Or we look but try to be hyper-rational about it (“dollar for dollar it’s more efficient to focus on economic development than climate change, since wealth is the best protection from weather extremes”) – as if having a few more dollars will make much difference when your city is underwater. Or we look but tell ourselves we are too busy to care about something so distant and abstract – even though we saw the water in the subways in New York City during Superstorm Sandy, and the people on their rooftops in New Orleans after Hurricane Katrina, and know that no one is safe, the most vulnerable least of all. And though perfectly understandable, this too is a way of looking away.

Or we look but tell ourselves that all we can do is focus on ourselves. Meditate and shop at farmers’ markets and stop driving – but forget trying to actually change the systems that are making the crisis inevitable because that’s too much “bad energy” and it will never work. And at first it may appear as if we are looking, because many of these lifestyle changes are indeed part of the solution, but we still have one eye tightly shut.

Or maybe we do look – really look – but then, inevitably, we seem to forget. Remember and then forget again. Climate change is like that; it’s hard to keep it in your head for very long. We engage in this odd form of on-again-off-again ecological amnesia for perfectly rational reasons. We deny because we fear that letting in the full reality of this crisis will change everything. And we are right.

We know that if we continue on our current path of allowing emissions to rise year after year, climate change will change everything about our world. Major cities will very likely drown, ancient cultures will be swallowed by the seas, and there is a very high chance that our children will spend a great deal of their lives fleeing and recovering from vicious storms and extreme droughts. And we don’t have to do anything to bring about this future. All we have to do is nothing. Just continue to do what we are doing now, whether it’s counting on a techno-fix or tending to our gardens or telling ourselves we’re unfortunately too busy to deal with it.

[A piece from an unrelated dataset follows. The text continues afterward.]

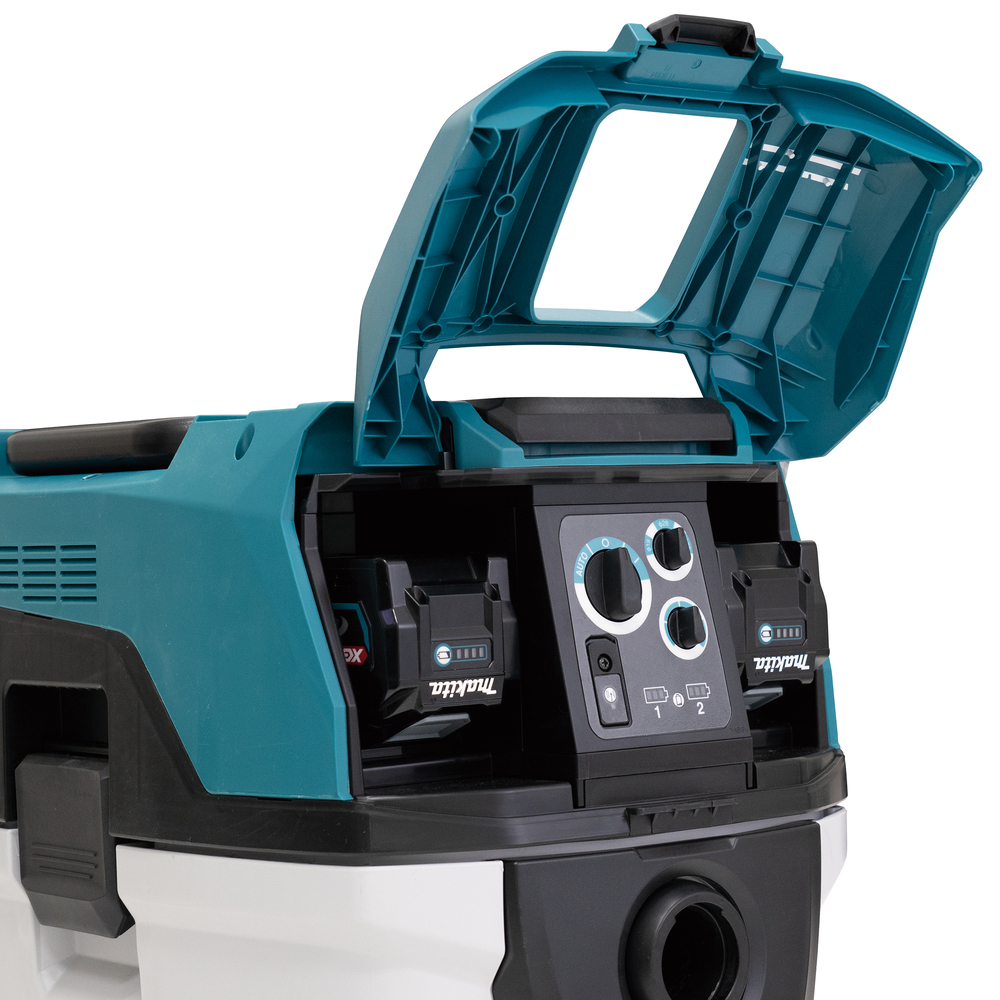 Imuri Makita VC006GMZ01 80V 2x XGT, AWS valmius, 3700 l/min, 170 mbar, 38 l säiliö, M-luokka. Runkoversio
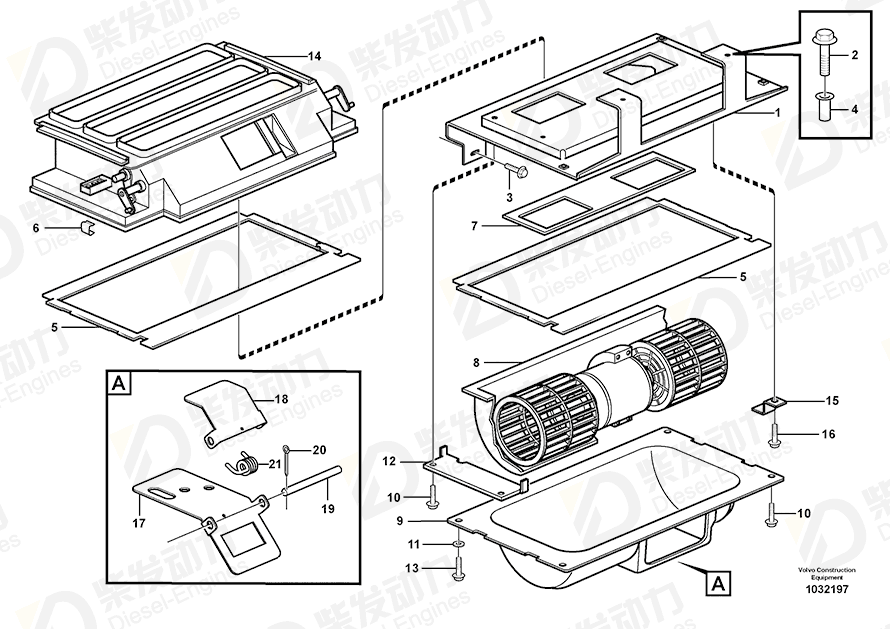 VOLVO Cover 11059564 Drawing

All we have to do is not react as if this is a full-blown crisis. All we have to do is keep on denying how frightened we actually are. And then, bit by bit, we will have arrived at the place we most fear, the thing from which we have been averting our eyes. No additional effort required.

There are ways of preventing this grim future, or at least making it a lot less dire. But the catch is that these also involve changing everything. For us high consumers, it involves changing how we live, how our economies function, even the stories we tell about our place on earth. The good news is that many of these changes are distinctly uncatastrophic. Many are downright exciting. But I didn’t discover this for a long while.


In 2009, when the financial crisis was in full swing, the massive response from governments around the world showed what was possible when our elites decided to declare a crisis.
We all watched as trillions of dollars were marshaled in a moment. If the banks were allowed to fail, we were told, the rest of the economy would collapse. It was a matter of collective survival, so the money had to be found. In the process, some rather large fictions at the heart of our economic system were exposed (Need more money? Print some!). A few years earlier, governments took a similar approach to public finances after the September 11 terrorist attacks. In many western countries, when it came to constructing the security/surveillance state at home and waging war abroad, budgets never seemed to be an issue.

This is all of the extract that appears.